And with Ernest Wooten in occupying a desk in the Louisiana House, that black box ought to cover an entire side of the 34-story state capitol. This story in the Baton Rouge Advocate is scary testimony to that:

Proposed state legislation would make it legal for some students and faculty to carry handguns on college campuses as a “deterrent” against the wave of college shootings in Baton Rouge and nationwide.

State Rep. Ernest Wooten, R-Belle Chasse, is proposing the controversial bill that could arm more people on campuses from dormitories to classrooms.

“We’ve got a problem,” Wooten said, “and maybe it’ll be a deterrent if one of these disturbed persons or whackos thinks, ‘If I go in shooting, they may shoot back.’”

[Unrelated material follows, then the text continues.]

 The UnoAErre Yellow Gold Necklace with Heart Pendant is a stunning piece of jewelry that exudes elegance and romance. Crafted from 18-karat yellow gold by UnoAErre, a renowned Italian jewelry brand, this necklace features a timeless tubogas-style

In the last few months, two international students at LSU were murdered in their on-campus apartment. Weeks later, a Louisiana Technical College student in Baton Rouge murdered two students in a classroom before killing herself.

The recent string of college murders nationwide began with the rampage murders of 33 Virginia Tech students last year.

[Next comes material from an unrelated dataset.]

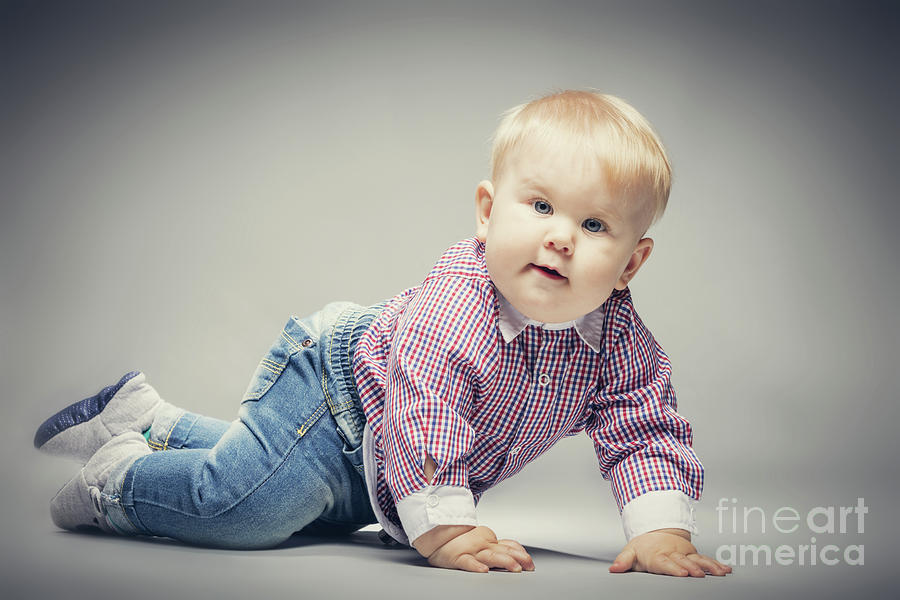 Little blond baby boy crawling on the ground. Photograph by Michal Bednarek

State Commissioner of Higher Education Joseph Savoie said Wooten’s proposal is going in the wrong direction. There should be fewer guns at colleges, not more, Savoie said.

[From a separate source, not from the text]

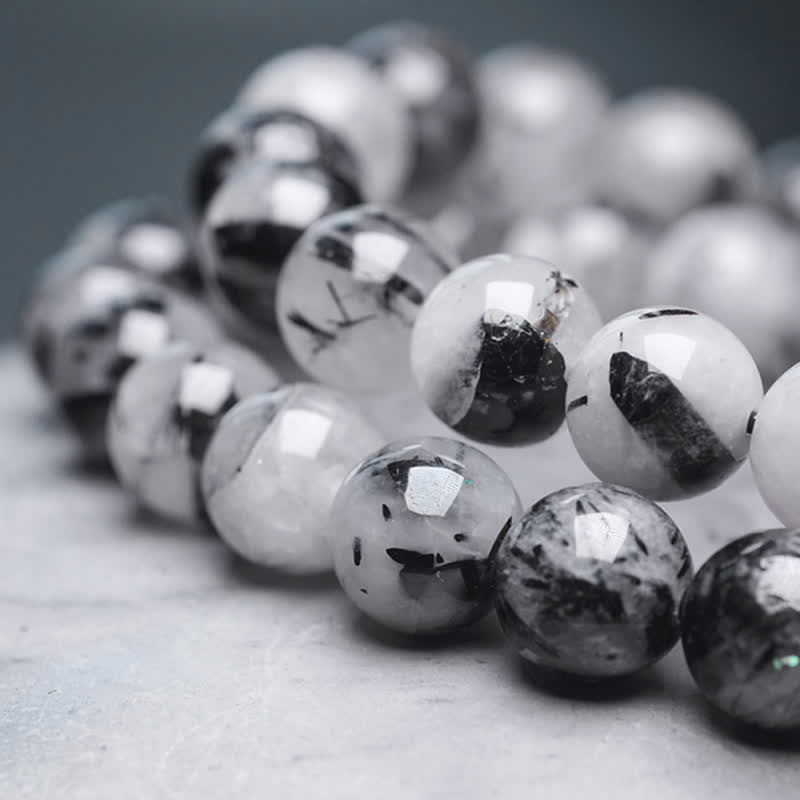 Bracelet couple en quartz rutile noir et quartz clair 8 mm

Too many young people are still emotional and immature when it comes to firearms, he said, noting that campuses have already beefed up security measures statewide.

“It doesn’t make a whole lot of sense to arm a bunch of excitable students,” Savoie said.

Wooten’s House Bill 199 would make it legal to carry licensed concealed handguns on all state colleges, from technical schools to universities.

Not only that, but the bill also would forbid colleges from enacting policies to limit the rights of gun owners from carrying concealed handguns on campuses.

FOR. THE. LOVE. OF. GOD. I mean, really. Is there really anybody with half a brain who thinks that it would be a good thing to have a bunch of college kids packing heat?

Really?

Obviously, not all college kids are the same, and not all are excitable doofuses. On the other hand, if we can't always trust students to do something as simple as behave at football games -- or not drink themselves into oblivion long before their 21st birthdays -- isn't it pretty safe to assume it's probably not a good idea to arm a bunch of kids who still await maturation of the risk-aversion part of their brains?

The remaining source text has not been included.